Modulation of gap junction coupling in the vertebrate retina

脊椎动物视网膜间隙连接耦合的调节

• 批准号: 194194-2011
• 负责人: Baldridge, William
• 金额: $ 2.26万
• 依托单位: Dalhousie University
• 依托单位国家: 加拿大
• 项目类别: Discovery Grants Program - Individual
• 财政年份: 2015
• 资助国家: 加拿大
• 起止时间: 2015-01-01 至 2016-12-31
• 项目状态: 已结题
• 来源: https://www.nserc-crsng.gc.ca/ase-oro/Details-Detailles_eng.asp?id=569747
• 关键词: Modulation; gap; junction; coupling; vertebrate

The vertebrate retina is a thin sheet of central nervous system tissue lining the back of the eye that transduces the image of the visual world into an electrochemical signal and processes this signal generating parallel pathways encoding different aspect of the visual scene. Gap junctions, the structural correlate of direct electrical coupling between cells, are important participants in the circuitry of the vertebrate retina. The following research focuses on two different aspects of gap junction coupling in the vertebrate retina. First, we propose to continue our studies of the modulation of retinal horizontal cell coupling in the teleost retina by focusing on a potential new source of the neuromodulator dopamine. Second, we will further our study of the coupling of a new type of ganglion cell, the intrinsically light-sensitive, melanopsin-containing ganglion cells, in the mammalian retina. Dopamine (DA) is the best-known neuromodulator of horizontal cell activity. Until recently, the only known source of endogenous dopamine in the teleost retina was interplexiform cells. A possible additional source of DA in the retina has recently been identified. This source is the retinal pigmented epithelium (RPE), where the DA precursor L-DOPA could be synthesized by tyrosinase as part of the synthetic pathway associated with the synthesis of the RPE pigment melanin. We intend to study this potential source of DA by examining two known DA- and light-dependent features of the teleost retina, the movement of cones and the coupling of horizontal cells. These studies will use a zebrafish mutant that lacks tyrosinase and goldfish treated with tyrosinase inhibitors and will employ both anatomical and electrophysiological techniques. Previous work suggests that the intrinsic photosensitive retinal ganglion cells (ipRGCs) are gap junction coupled. We have published anatomical evidence that ipRGCs are coupled to a specific class of amacrine cells in the retina. We intend to determine if this coupling can be demonstrated physiologically, using calcium imaging, and will attempt to identify the type of gap junction that ipRGCs express.

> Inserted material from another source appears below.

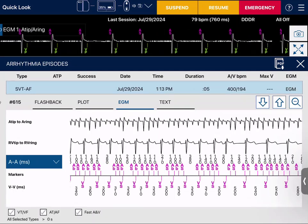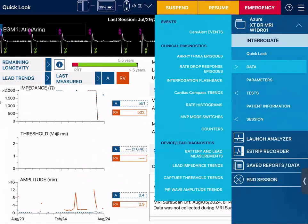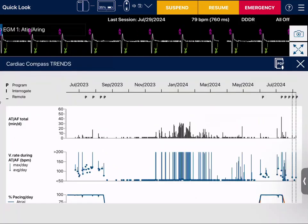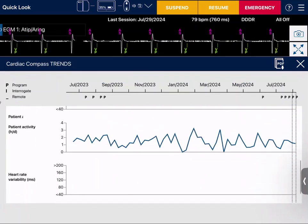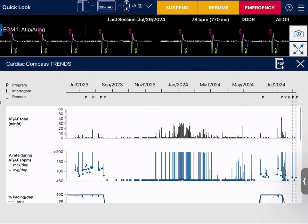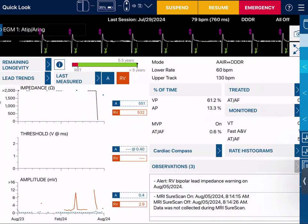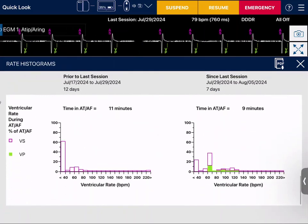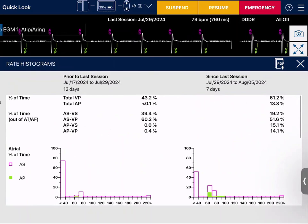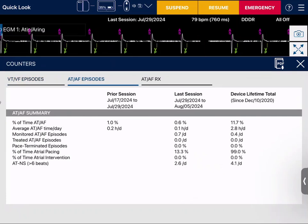From there I can look at my cardiac compass trends — ATF burden, patient activity, heart rate variability, and pacing percentages. I can also look at rate histograms to see if there's a good rate distribution, and check counters to see PVC burden and ATF episodes for the prior session and last session.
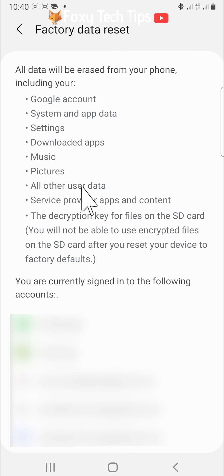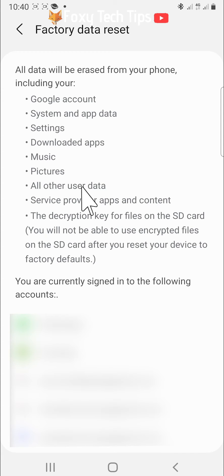Resetting your phone to factory settings will erase all of the data saved on it, such as photos, app data, etc. So it's very important to make sure that any data you would like to keep has been backed up before you reset your phone to factory settings.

脊椎动物视网膜是一层薄薄的中枢神经系统组织，排列在眼睛的后部，将视觉世界的图像转换为电化学信号，并处理该信号，产生编码视觉场景不同方面的平行通路。缝隙连接是细胞间直接电耦合的结构相关物，是脊椎动物视网膜回路的重要参与者。下面的研究集中在脊椎动物视网膜缝隙连接耦合的两个不同方面。首先，我们建议继续我们的研究的调制视网膜水平细胞耦合的硬骨鱼视网膜的神经调节剂多巴胺的一个潜在的新来源。其次，我们将进一步研究哺乳动物视网膜中一种新型神经节细胞的耦合，这种神经节细胞本质上是光敏的，含有黑视蛋白。 多巴胺（DA）是最著名的水平细胞活动的神经调质。直到最近，硬骨鱼视网膜中内源性多巴胺的唯一已知来源是网间细胞。最近已经确定了视网膜中DA的一个可能的额外来源。该来源是视网膜色素上皮（RPE），其中DA前体L-DOPA可以通过酪氨酸酶合成，作为与RPE色素黑色素合成相关的合成途径的一部分。我们打算通过研究两个已知的DA和光依赖的硬骨鱼视网膜，视锥细胞的运动和水平细胞的耦合功能来研究DA的这种潜在来源。这些研究将使用缺乏酪氨酸酶的斑马鱼突变体和用酪氨酸酶抑制剂处理的金鱼，并将采用解剖学和电生理学技术。 先前的工作表明，视网膜内光敏神经节细胞（ipRGC）是缝隙连接耦合的。我们已经发表了解剖学证据表明ipRGC与视网膜中特定类别的无长突细胞偶联。我们打算确定这种耦合是否可以在生理上证明，使用钙成像，并将试图确定ipRGC表达的间隙连接的类型。